Exercise inputs

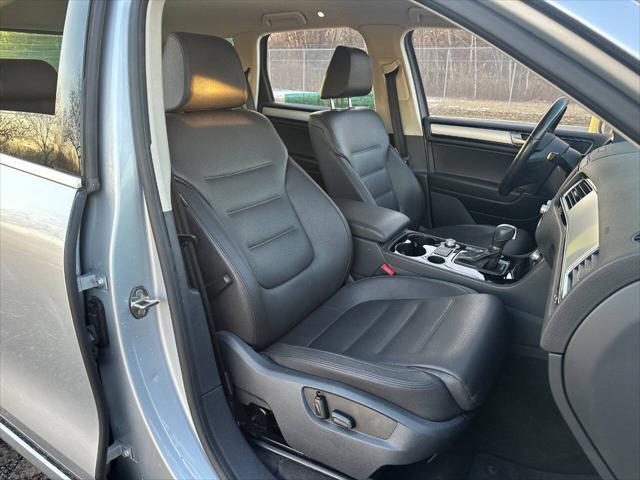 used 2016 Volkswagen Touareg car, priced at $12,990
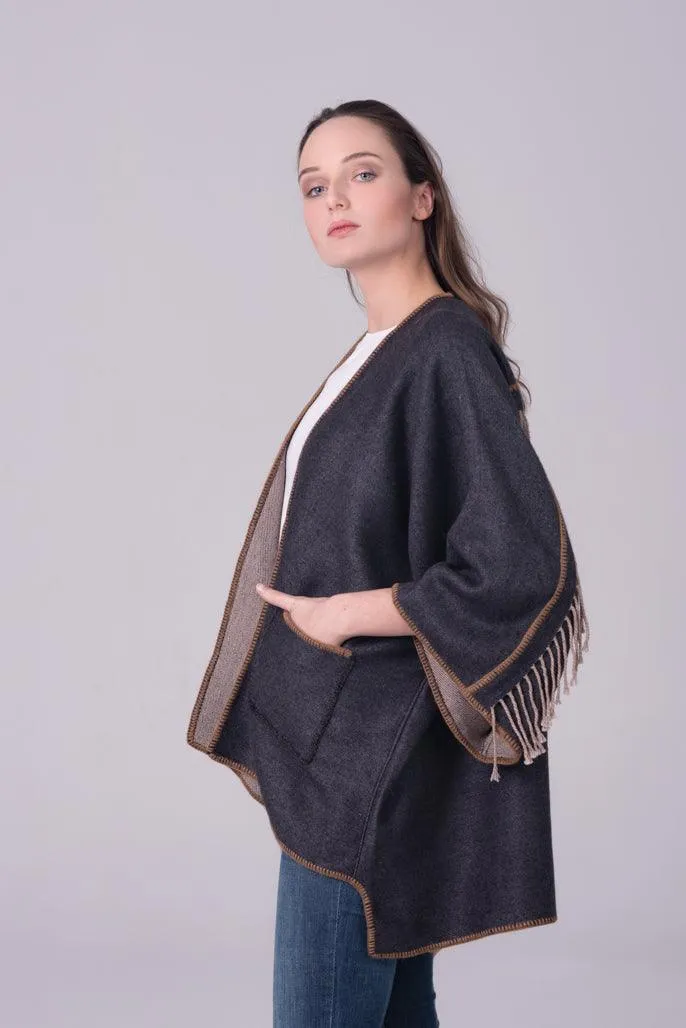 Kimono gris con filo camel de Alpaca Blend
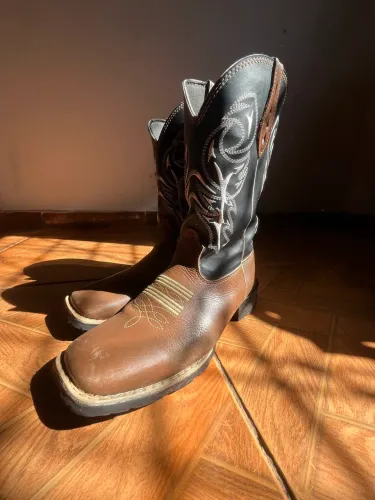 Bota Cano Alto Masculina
--
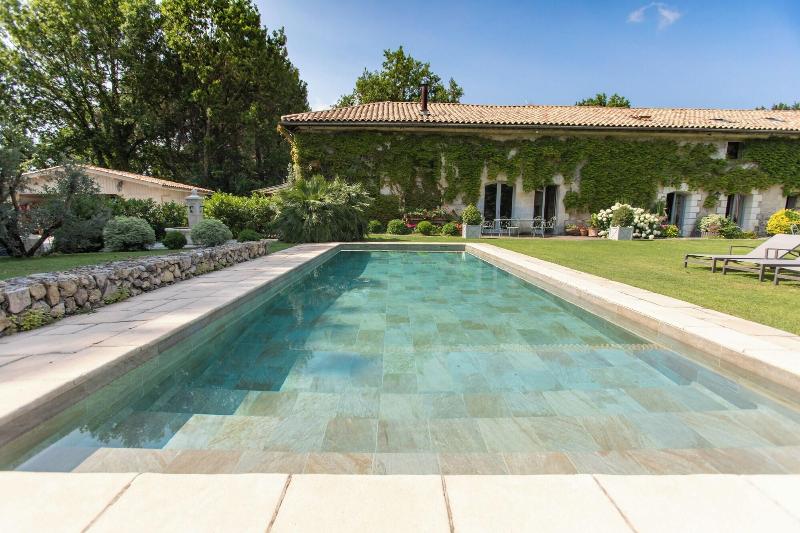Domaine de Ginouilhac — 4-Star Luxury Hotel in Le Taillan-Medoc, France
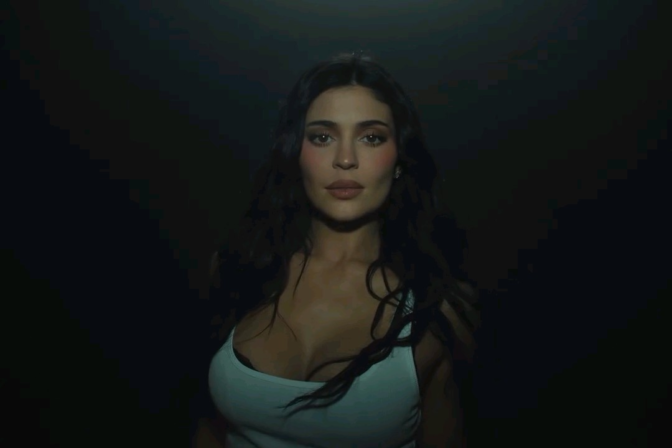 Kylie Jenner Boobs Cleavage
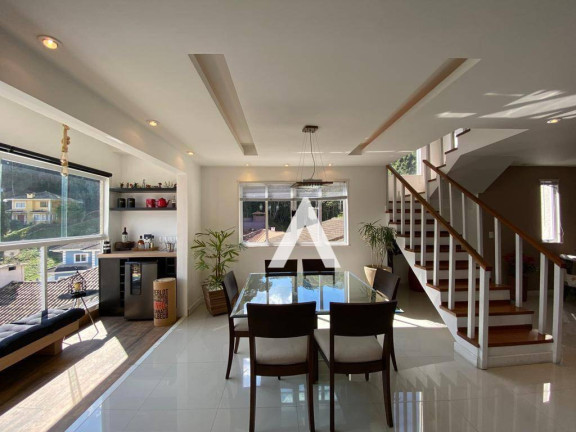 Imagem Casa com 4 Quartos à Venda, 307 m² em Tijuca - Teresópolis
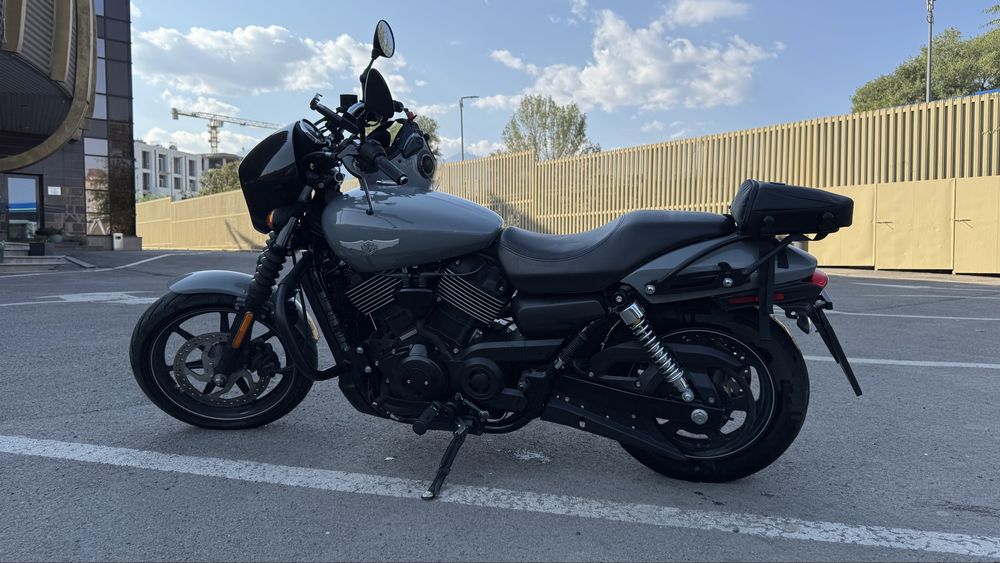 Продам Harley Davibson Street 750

Problem requirements
Starting at the line containing "Imagem Casa com" and finishing at the line containing "Продам Harley Davibson Street 750", return those lines exactly as they appear above, without the pictures.

Task response
 Imagem Casa com 4 Quartos à Venda, 307 m² em Tijuca - Teresópolis
 Продам Harley Davibson Street 750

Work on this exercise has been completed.